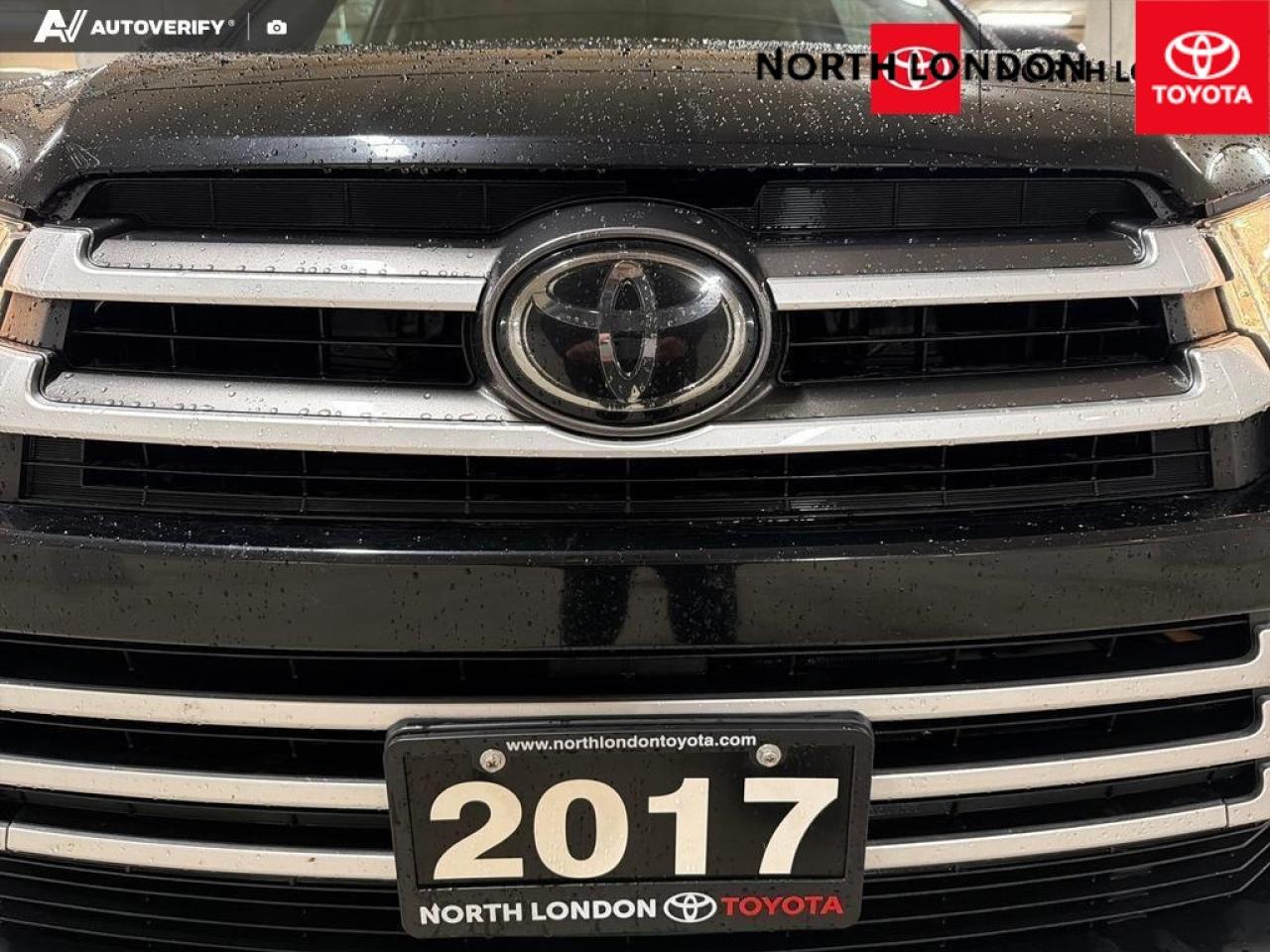 2017 Toyota Highlander  Photo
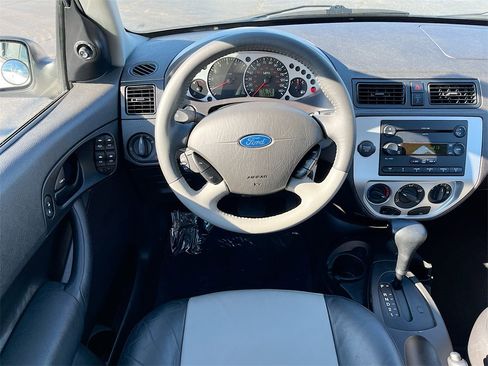 Used 2007 Ford Focus S image 27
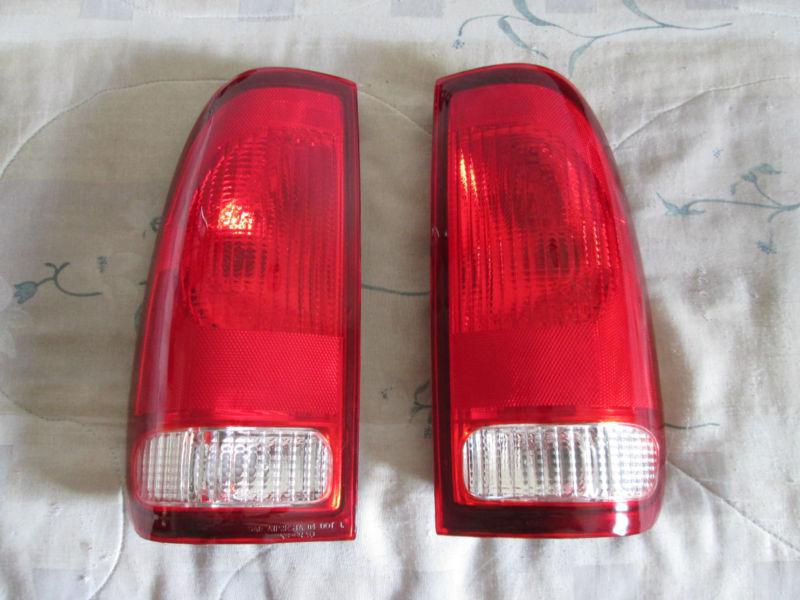 Brand new taillight set for 97-05 ford f-series trucks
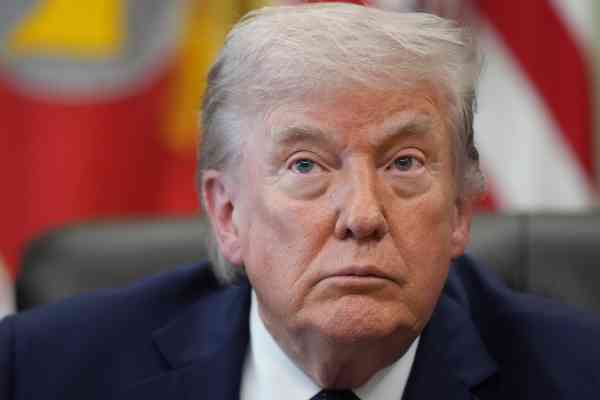 Trump Cancels US Envoys' Trip to Pakistan for Talks on Iran War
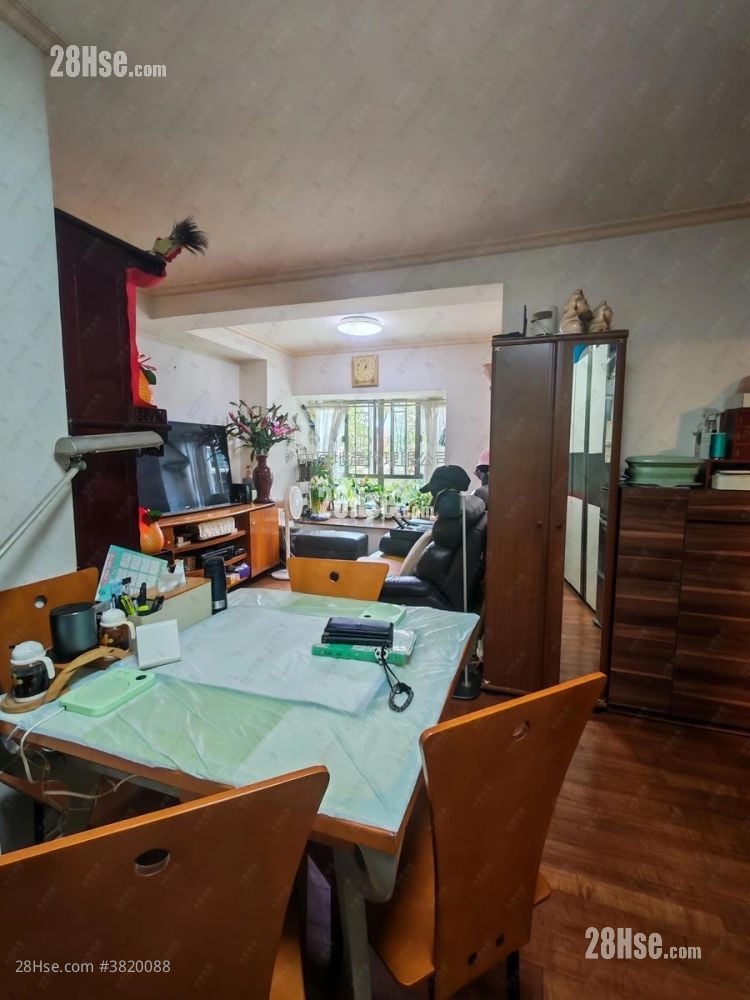 Brilliant Garden Sell 3 Bedrooms 671 ft²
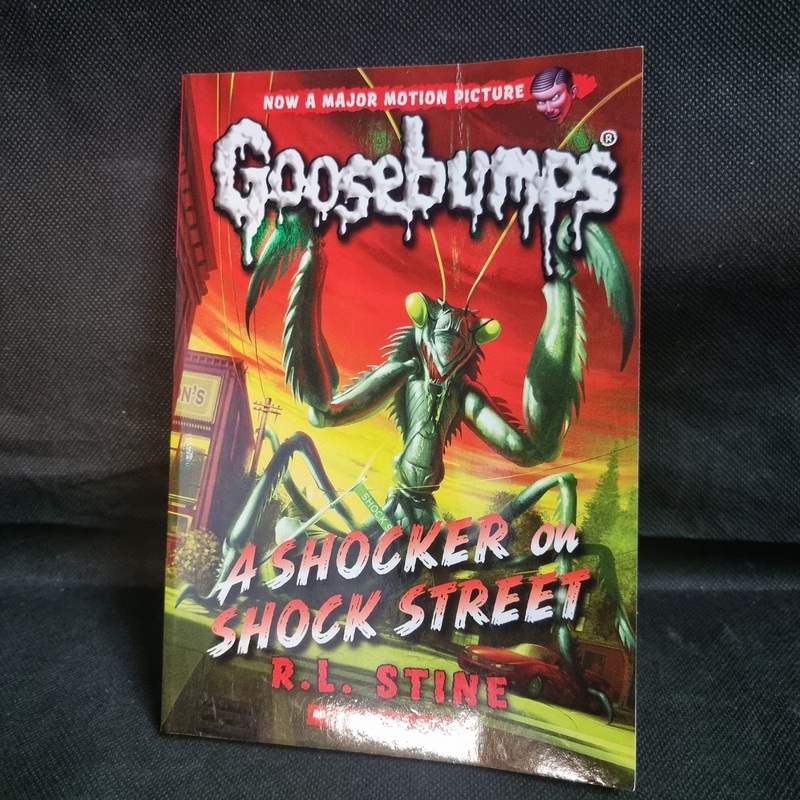 A Shocker on Shock Street (Classic Goosebumps #23) – Paperback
-=-=-=-=-
ACTIVITY:
Print all data above verbatim, except pictures.

EXERCISE SOLUTION:
 2017 Toyota Highlander  Photo
 Used 2007 Ford Focus S image 27
 Brand new taillight set for 97-05 ford f-series trucks
 Trump Cancels US Envoys' Trip to Pakistan for Talks on Iran War
 Brilliant Garden Sell 3 Bedrooms 671 ft²
 A Shocker on Shock Street (Classic Goosebumps #23) – Paperback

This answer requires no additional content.